▶ _Data records_

● ● ● ●

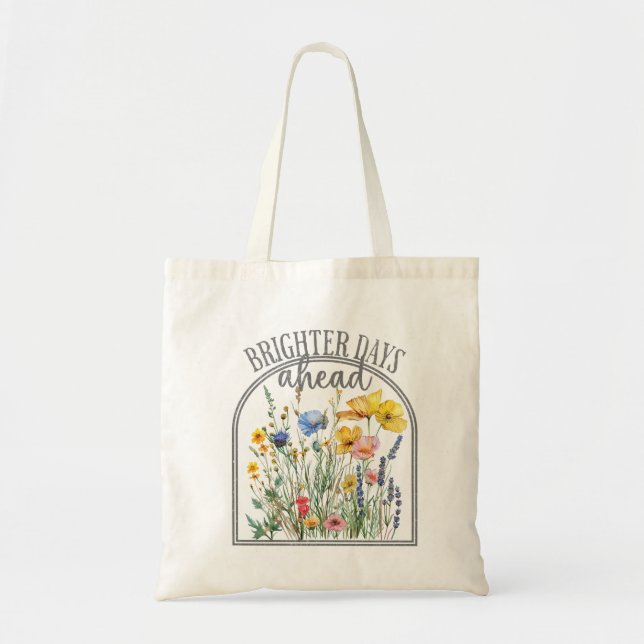 Helle Tage Vorn Wildblume Tragetasche (Vorne)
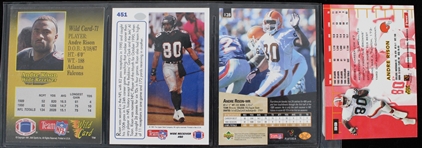 1990's Andre Rison Falcons / Browns Signed Football Trading Cards (JSA / Pepper Burruss Collection)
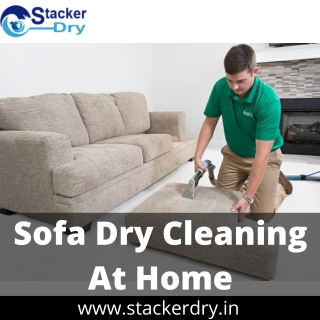 Sofa Dry cleaning at Home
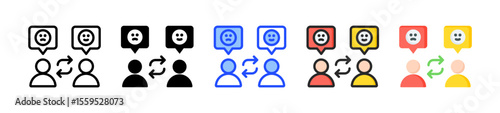 Feedback Icon Collection With Multiple Styles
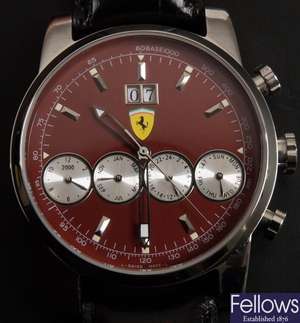 Ferrari official watch with a multi dial face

● ● ● ●

▶ _Work item_
Without including any picture, reproduce all of the material exactly.

▶ _Response area_
 Helle Tage Vorn Wildblume Tragetasche (Vorne)
 1990's Andre Rison Falcons / Browns Signed Football Trading Cards (JSA / Pepper Burruss Collection)
 Sofa Dry cleaning at Home
 Feedback Icon Collection With Multiple Styles
 Ferrari official watch with a multi dial face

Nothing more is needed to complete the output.